Here are the records. Write out exactly the lines between the one holding "Mini Match Stix" and the one holding "Service 2 Bedroom", inclusive.

Input for this task Start Marker

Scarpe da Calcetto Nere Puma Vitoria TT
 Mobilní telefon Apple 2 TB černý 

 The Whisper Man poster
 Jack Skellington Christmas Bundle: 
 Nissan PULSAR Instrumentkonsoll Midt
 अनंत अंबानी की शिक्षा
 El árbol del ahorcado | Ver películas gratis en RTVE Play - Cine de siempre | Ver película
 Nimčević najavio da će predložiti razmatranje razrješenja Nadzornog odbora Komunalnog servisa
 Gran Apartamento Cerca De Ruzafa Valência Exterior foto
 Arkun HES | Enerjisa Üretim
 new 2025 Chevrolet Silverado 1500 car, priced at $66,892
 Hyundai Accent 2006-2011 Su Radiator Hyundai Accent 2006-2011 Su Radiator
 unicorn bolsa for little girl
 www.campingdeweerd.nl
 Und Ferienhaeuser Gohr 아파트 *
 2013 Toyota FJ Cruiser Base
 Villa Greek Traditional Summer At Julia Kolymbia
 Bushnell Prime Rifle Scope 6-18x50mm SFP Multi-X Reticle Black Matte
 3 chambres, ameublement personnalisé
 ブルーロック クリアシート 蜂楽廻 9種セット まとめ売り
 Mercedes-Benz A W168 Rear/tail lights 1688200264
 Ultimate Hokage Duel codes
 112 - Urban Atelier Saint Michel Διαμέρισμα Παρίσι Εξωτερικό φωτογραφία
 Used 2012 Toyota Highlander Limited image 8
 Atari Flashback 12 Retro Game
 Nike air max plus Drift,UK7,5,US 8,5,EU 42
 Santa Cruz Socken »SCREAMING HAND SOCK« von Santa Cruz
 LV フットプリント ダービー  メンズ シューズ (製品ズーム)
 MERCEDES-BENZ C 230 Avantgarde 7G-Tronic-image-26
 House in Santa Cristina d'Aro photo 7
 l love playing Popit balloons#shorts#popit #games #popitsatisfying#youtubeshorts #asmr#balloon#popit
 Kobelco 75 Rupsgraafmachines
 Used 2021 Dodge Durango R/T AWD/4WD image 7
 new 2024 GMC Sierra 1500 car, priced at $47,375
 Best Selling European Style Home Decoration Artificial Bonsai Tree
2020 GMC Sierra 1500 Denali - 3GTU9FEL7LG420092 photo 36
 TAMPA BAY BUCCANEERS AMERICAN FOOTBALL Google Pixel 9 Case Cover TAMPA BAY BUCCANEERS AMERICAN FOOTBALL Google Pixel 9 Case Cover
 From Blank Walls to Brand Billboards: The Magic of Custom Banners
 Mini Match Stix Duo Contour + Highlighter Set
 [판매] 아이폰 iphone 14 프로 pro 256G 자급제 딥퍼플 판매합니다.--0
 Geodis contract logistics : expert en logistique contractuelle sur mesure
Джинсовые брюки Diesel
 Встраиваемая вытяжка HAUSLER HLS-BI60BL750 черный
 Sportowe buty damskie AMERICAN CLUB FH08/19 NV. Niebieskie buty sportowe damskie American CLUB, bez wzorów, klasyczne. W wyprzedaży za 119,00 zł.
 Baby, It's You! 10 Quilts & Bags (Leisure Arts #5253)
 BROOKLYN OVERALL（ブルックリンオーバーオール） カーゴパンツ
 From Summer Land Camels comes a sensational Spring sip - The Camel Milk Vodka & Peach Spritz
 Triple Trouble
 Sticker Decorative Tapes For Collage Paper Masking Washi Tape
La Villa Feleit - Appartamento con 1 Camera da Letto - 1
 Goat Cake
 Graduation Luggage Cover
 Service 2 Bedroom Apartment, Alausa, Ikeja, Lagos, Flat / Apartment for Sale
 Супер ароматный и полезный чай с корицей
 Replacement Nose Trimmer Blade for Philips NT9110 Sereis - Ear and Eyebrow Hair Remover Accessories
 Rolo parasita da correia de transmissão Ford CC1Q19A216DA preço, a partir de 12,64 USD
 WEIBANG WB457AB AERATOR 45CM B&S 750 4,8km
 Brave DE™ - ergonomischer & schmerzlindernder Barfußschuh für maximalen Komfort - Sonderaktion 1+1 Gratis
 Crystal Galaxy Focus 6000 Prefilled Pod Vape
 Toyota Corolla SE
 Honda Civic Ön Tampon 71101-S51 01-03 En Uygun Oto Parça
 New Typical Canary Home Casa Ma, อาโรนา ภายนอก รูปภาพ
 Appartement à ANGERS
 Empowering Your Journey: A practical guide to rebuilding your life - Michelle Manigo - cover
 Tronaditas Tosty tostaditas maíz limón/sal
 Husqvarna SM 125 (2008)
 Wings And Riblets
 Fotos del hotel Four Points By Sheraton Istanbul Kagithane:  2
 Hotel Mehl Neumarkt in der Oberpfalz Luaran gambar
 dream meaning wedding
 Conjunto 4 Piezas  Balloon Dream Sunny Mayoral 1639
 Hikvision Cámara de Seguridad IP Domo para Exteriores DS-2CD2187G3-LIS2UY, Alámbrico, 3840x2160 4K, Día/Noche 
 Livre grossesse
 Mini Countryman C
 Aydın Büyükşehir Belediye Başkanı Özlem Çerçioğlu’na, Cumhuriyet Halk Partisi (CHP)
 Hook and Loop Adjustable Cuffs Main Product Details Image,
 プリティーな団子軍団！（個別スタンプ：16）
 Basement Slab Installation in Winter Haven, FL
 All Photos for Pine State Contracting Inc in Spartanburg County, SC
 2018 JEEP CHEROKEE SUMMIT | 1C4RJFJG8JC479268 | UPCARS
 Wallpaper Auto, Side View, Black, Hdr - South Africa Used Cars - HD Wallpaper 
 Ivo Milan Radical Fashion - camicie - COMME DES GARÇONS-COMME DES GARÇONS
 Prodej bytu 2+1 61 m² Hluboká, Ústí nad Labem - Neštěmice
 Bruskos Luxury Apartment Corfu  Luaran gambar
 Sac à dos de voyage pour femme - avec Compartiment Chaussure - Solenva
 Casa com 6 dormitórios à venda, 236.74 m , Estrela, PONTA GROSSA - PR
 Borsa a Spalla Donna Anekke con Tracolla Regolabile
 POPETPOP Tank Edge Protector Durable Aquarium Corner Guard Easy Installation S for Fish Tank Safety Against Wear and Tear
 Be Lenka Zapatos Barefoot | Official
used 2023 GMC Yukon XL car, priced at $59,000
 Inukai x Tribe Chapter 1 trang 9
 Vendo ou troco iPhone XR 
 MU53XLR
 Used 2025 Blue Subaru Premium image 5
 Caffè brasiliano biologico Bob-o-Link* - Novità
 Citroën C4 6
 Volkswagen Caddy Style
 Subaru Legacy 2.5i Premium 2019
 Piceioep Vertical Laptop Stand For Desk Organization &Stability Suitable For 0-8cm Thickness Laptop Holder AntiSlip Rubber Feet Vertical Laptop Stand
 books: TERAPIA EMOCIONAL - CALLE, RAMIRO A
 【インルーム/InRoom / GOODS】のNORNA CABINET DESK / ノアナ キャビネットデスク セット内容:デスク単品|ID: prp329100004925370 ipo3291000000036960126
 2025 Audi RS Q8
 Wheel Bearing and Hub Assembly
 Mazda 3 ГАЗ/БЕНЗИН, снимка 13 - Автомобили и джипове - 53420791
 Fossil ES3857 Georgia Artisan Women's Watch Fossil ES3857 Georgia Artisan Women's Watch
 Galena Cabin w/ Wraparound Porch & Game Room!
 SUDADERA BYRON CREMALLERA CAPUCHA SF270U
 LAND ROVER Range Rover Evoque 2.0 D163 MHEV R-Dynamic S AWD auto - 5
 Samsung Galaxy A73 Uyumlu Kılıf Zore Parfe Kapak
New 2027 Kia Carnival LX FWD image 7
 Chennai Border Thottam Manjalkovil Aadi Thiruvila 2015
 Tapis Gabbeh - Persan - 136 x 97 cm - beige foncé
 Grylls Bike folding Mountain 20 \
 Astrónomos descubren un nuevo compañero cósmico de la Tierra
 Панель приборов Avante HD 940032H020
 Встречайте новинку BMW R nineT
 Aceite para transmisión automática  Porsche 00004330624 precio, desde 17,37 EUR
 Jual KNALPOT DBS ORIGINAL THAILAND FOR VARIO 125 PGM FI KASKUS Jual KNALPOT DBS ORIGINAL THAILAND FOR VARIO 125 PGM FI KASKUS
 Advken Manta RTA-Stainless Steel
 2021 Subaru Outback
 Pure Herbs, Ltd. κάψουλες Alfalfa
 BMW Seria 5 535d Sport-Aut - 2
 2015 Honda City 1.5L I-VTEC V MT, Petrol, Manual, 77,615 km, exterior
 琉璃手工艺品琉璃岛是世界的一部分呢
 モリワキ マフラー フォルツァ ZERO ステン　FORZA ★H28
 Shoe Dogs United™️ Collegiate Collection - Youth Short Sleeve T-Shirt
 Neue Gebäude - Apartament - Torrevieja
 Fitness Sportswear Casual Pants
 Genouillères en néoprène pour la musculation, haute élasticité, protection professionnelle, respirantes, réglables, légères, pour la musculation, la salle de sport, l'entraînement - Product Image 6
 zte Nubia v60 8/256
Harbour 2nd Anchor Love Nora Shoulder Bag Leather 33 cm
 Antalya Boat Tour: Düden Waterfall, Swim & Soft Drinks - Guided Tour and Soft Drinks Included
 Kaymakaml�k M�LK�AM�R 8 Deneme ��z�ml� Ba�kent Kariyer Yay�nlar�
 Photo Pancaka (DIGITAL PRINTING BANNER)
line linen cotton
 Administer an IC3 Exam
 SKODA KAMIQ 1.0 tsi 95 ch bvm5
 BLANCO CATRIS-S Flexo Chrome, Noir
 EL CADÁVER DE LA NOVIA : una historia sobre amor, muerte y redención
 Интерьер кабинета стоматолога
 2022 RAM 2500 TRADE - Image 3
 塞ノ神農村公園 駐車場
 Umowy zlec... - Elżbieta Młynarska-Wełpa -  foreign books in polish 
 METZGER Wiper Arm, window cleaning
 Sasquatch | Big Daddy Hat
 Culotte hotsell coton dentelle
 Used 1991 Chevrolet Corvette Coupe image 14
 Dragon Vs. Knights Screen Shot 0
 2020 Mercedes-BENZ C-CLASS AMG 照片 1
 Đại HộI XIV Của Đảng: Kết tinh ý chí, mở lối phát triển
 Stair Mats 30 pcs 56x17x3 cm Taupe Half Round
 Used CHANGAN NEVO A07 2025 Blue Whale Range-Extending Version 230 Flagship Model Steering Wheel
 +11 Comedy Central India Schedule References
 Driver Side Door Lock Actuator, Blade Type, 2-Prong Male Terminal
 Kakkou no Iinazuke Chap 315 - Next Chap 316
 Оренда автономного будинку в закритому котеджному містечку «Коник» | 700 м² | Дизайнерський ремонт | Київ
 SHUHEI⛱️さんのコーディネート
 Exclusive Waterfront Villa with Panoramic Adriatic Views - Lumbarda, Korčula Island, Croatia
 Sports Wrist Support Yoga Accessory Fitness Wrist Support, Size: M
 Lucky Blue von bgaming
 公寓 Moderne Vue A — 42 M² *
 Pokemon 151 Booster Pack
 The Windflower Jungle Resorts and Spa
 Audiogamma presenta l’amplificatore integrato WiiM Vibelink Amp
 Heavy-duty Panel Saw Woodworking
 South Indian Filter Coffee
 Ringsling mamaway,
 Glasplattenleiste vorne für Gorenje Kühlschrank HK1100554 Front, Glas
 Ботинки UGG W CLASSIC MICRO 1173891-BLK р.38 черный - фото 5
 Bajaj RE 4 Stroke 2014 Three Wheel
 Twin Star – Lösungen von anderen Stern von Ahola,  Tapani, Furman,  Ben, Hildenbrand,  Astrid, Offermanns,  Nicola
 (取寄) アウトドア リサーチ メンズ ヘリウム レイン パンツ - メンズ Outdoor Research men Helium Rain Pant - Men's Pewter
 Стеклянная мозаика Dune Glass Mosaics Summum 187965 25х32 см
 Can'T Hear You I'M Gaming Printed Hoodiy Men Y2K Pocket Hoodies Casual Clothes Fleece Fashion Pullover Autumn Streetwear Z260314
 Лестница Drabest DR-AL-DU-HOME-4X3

Input for this task End Marker

**Task response:**
 Mini Match Stix Duo Contour + Highlighter Set
 [판매] 아이폰 iphone 14 프로 pro 256G 자급제 딥퍼플 판매합니다.--0
 Geodis contract logistics : expert en logistique contractuelle sur mesure
Джинсовые брюки Diesel
 Встраиваемая вытяжка HAUSLER HLS-BI60BL750 черный
 Sportowe buty damskie AMERICAN CLUB FH08/19 NV. Niebieskie buty sportowe damskie American CLUB, bez wzorów, klasyczne. W wyprzedaży za 119,00 zł.
 Baby, It's You! 10 Quilts & Bags (Leisure Arts #5253)
 BROOKLYN OVERALL（ブルックリンオーバーオール） カーゴパンツ
 From Summer Land Camels comes a sensational Spring sip - The Camel Milk Vodka & Peach Spritz
 Triple Trouble
 Sticker Decorative Tapes For Collage Paper Masking Washi Tape
La Villa Feleit - Appartamento con 1 Camera da Letto - 1
 Goat Cake
 Graduation Luggage Cover
 Service 2 Bedroom Apartment, Alausa, Ikeja, Lagos, Flat / Apartment for Sale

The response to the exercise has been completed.